**TASK PROMPT:** Repeat nothing but the line that contains "Rented by SERHANT." and the lines after it, through the end of the listing, exactly as they stand; omit pictures.

******************************

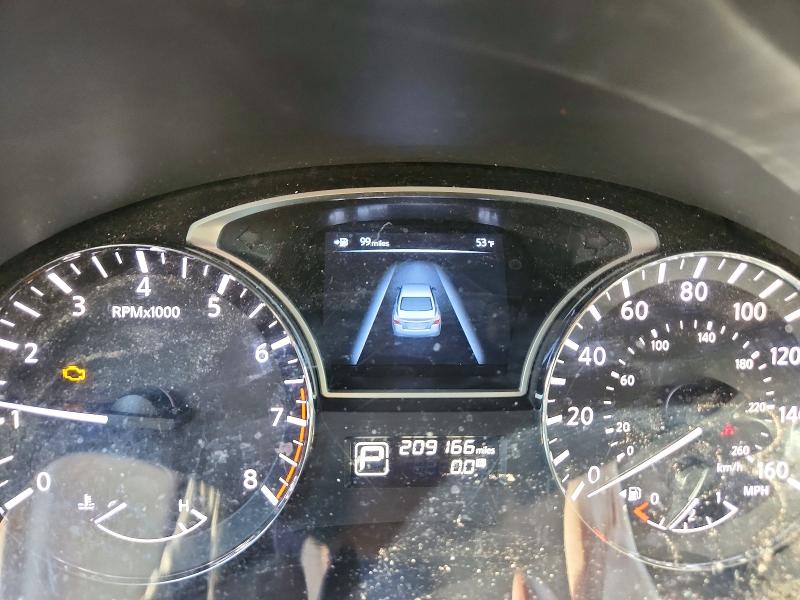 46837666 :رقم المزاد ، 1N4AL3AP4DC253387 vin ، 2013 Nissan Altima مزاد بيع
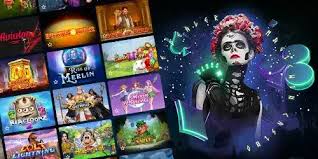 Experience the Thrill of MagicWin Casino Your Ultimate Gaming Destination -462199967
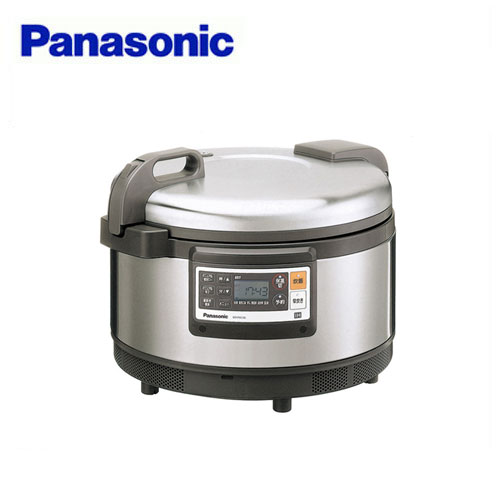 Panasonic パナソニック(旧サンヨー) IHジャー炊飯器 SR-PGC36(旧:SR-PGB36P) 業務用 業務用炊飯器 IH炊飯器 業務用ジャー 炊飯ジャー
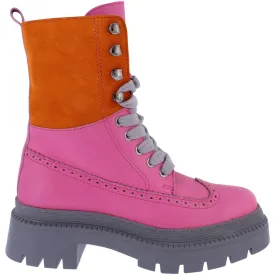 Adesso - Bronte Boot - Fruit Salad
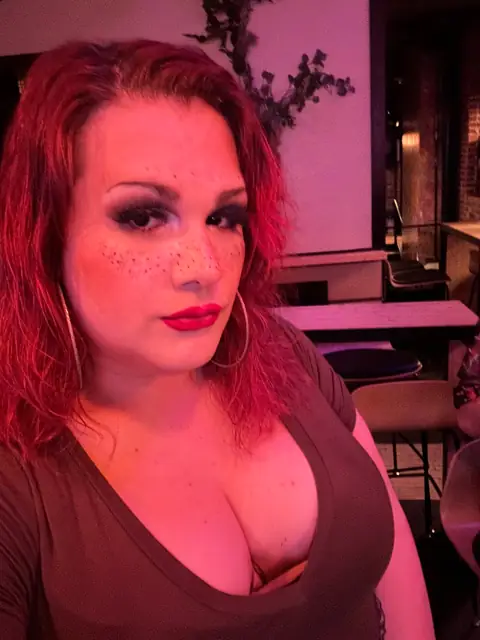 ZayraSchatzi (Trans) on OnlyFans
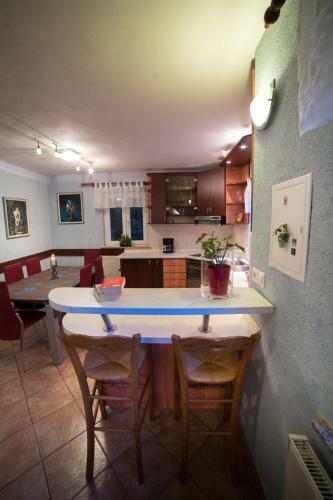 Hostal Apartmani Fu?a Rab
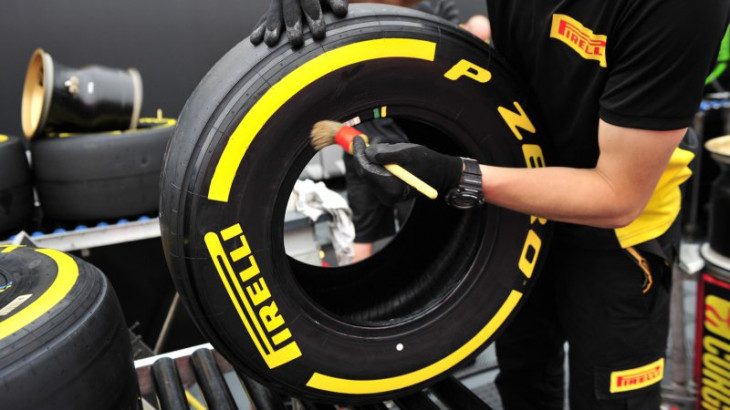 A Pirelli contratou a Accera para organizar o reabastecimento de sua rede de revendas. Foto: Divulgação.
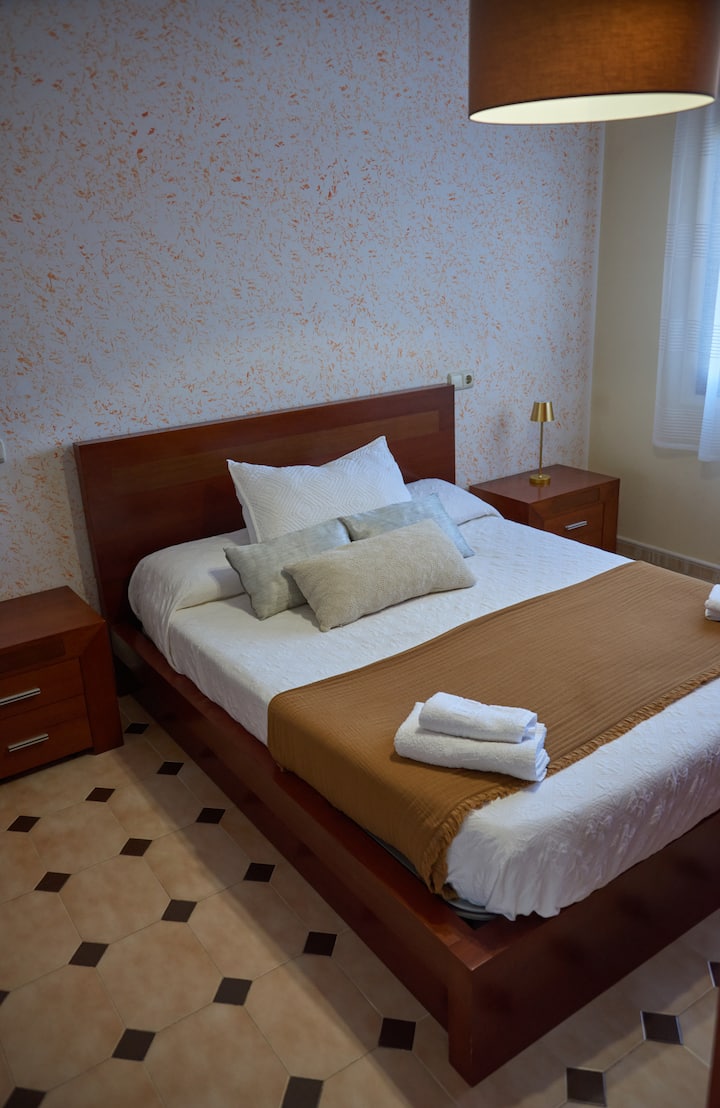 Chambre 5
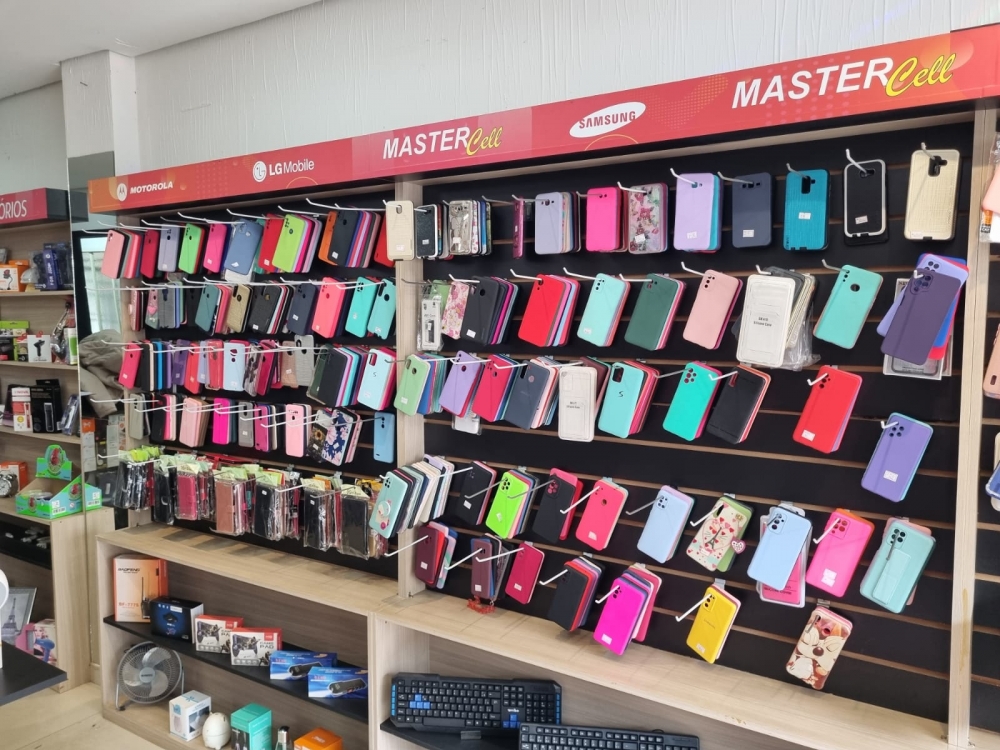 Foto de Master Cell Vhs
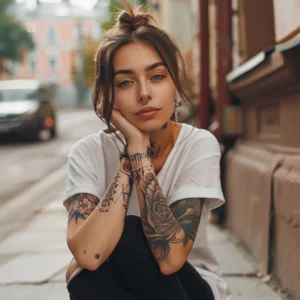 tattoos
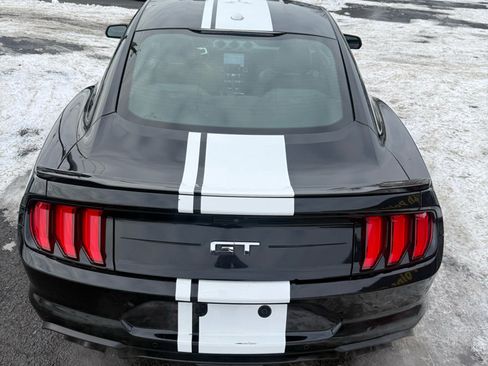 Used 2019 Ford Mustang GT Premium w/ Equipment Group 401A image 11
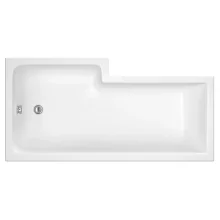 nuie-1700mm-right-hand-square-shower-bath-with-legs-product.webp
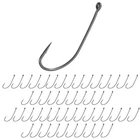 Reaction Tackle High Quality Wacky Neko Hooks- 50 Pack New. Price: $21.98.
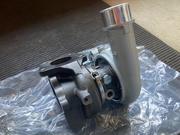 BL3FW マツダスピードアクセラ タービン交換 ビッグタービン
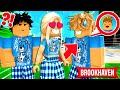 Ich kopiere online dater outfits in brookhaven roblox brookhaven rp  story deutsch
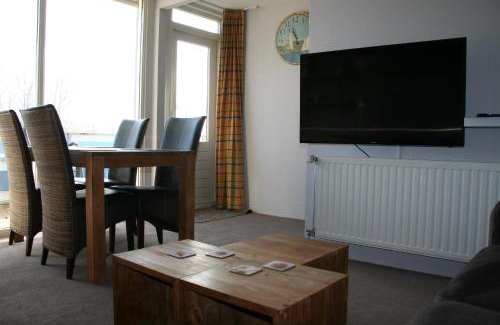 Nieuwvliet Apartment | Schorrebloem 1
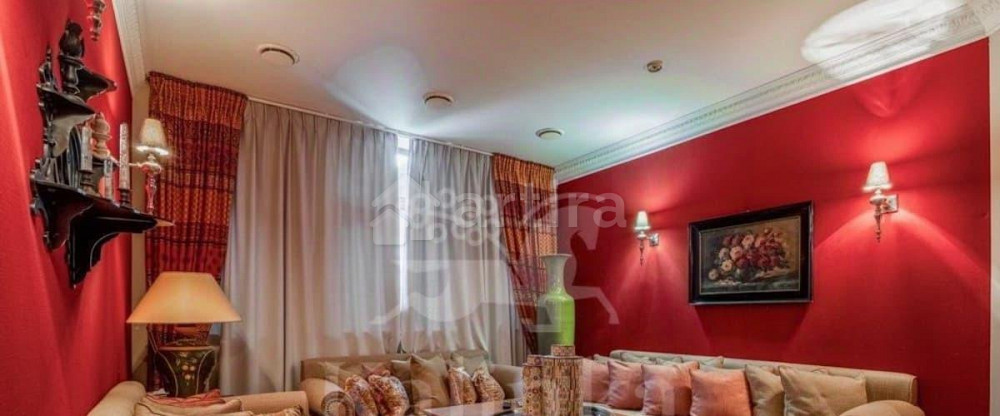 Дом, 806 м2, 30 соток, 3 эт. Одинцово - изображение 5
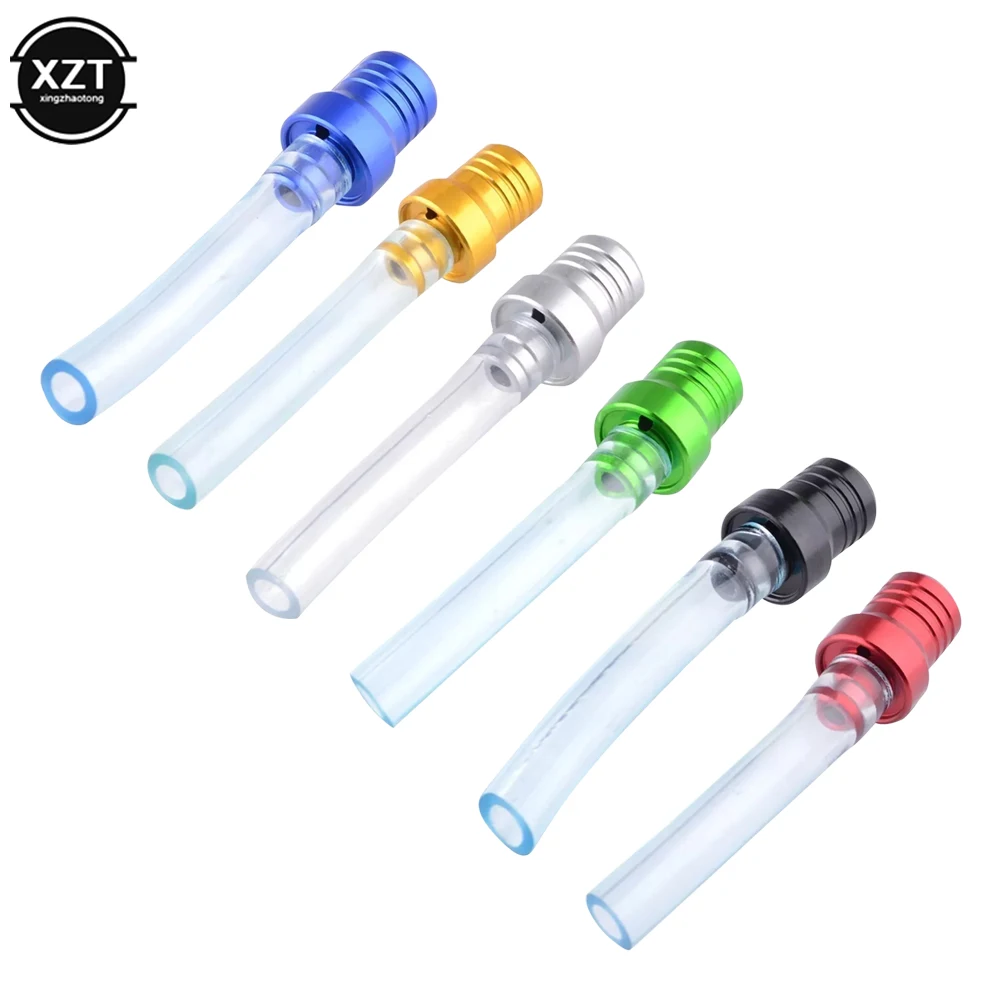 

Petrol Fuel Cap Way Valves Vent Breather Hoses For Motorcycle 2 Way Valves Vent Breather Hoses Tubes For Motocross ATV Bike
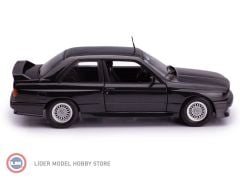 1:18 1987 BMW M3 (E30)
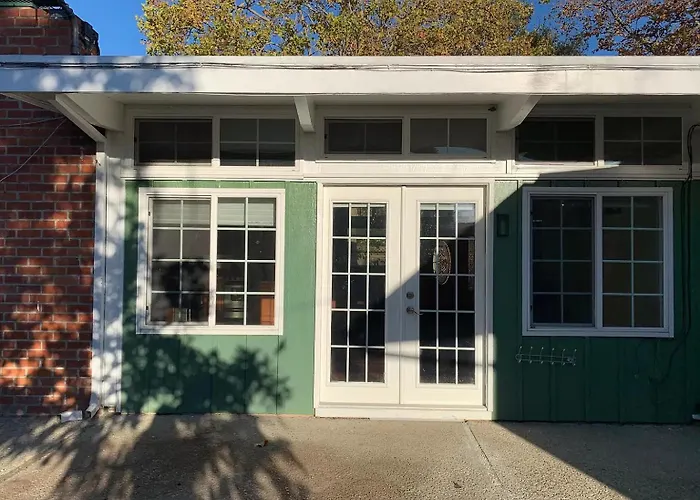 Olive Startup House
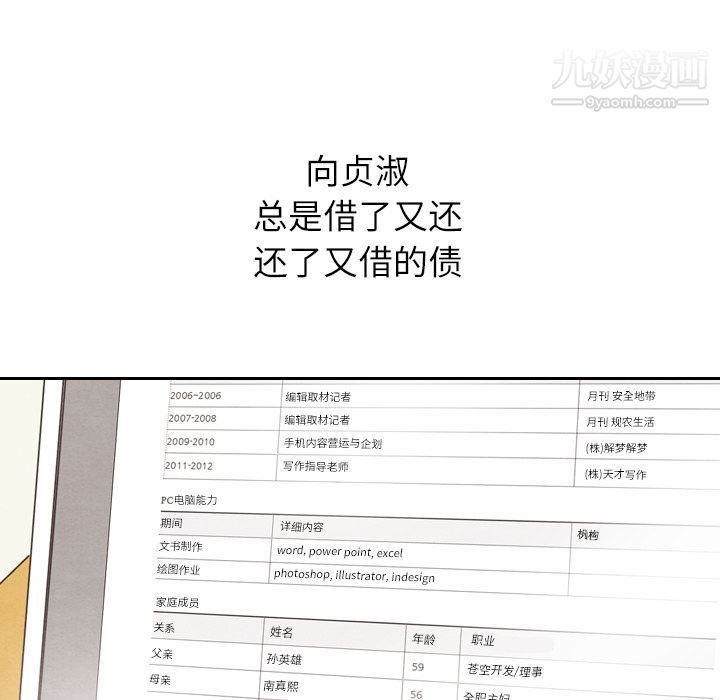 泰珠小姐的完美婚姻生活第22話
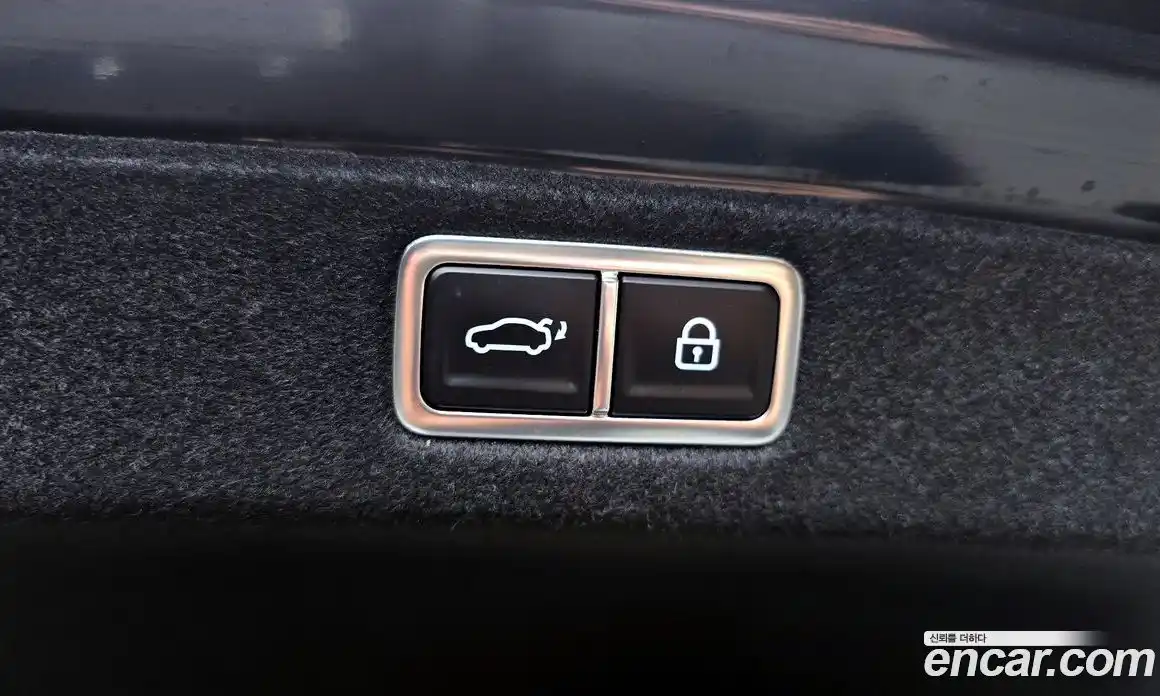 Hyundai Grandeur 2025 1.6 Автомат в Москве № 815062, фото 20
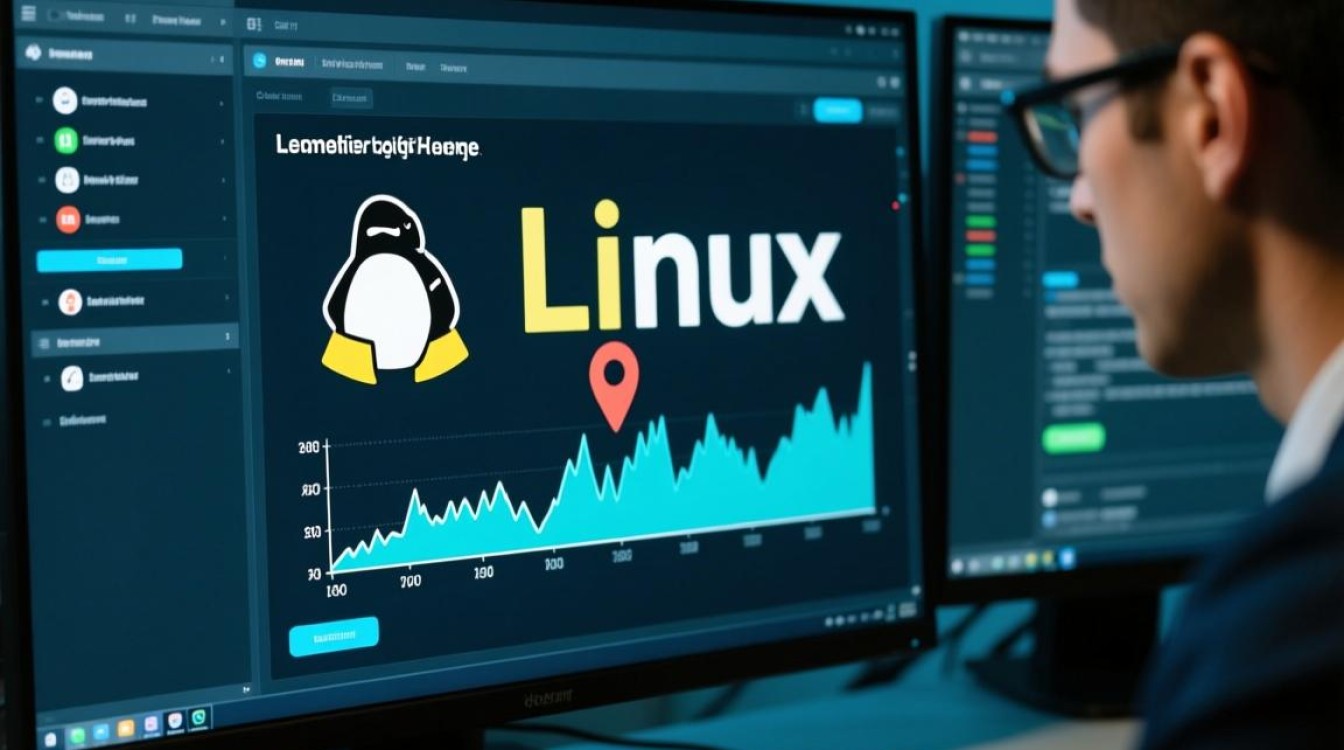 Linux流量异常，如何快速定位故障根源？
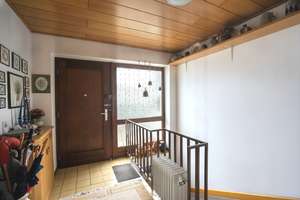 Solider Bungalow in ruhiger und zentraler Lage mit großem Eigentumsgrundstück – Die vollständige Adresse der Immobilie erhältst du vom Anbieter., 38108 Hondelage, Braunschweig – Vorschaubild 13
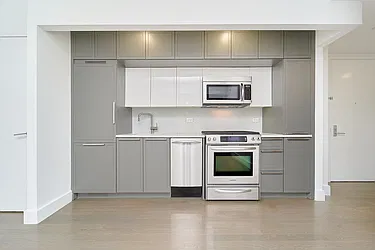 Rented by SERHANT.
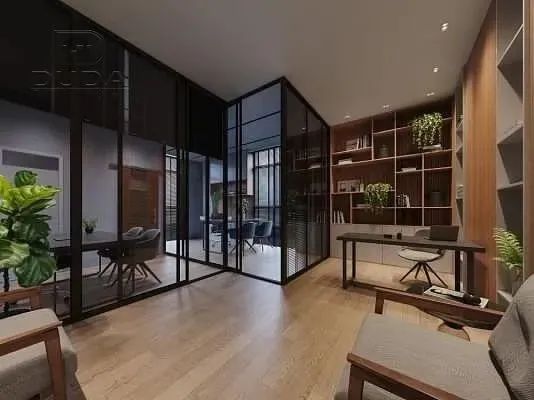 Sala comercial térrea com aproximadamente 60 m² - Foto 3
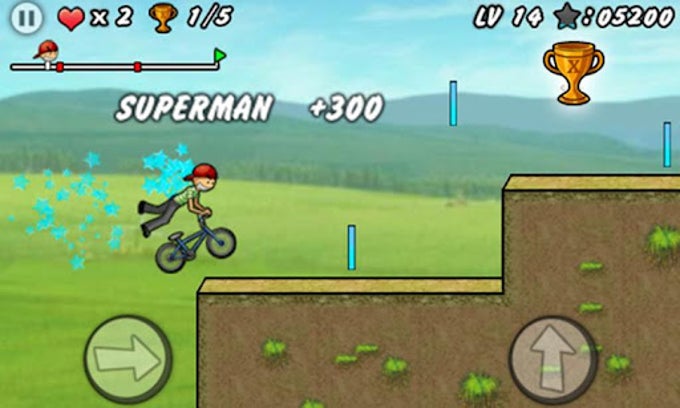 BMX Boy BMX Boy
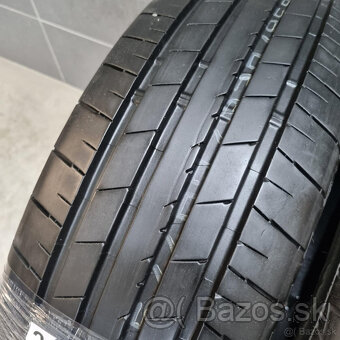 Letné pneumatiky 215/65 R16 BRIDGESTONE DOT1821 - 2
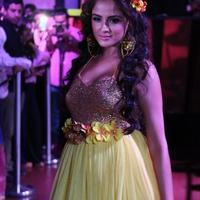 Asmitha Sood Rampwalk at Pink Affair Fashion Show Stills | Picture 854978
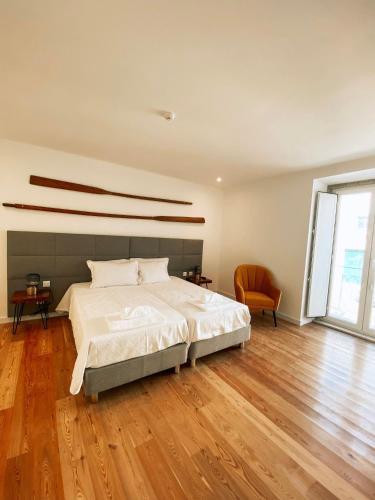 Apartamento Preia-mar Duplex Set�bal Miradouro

******************************

**WRITTEN RESPONSE:**
 Rented by SERHANT.
 Sala comercial térrea com aproximadamente 60 m² - Foto 3
 BMX Boy BMX Boy
 Letné pneumatiky 215/65 R16 BRIDGESTONE DOT1821 - 2
 Asmitha Sood Rampwalk at Pink Affair Fashion Show Stills | Picture 854978
 Apartamento Preia-mar Duplex Set�bal Miradouro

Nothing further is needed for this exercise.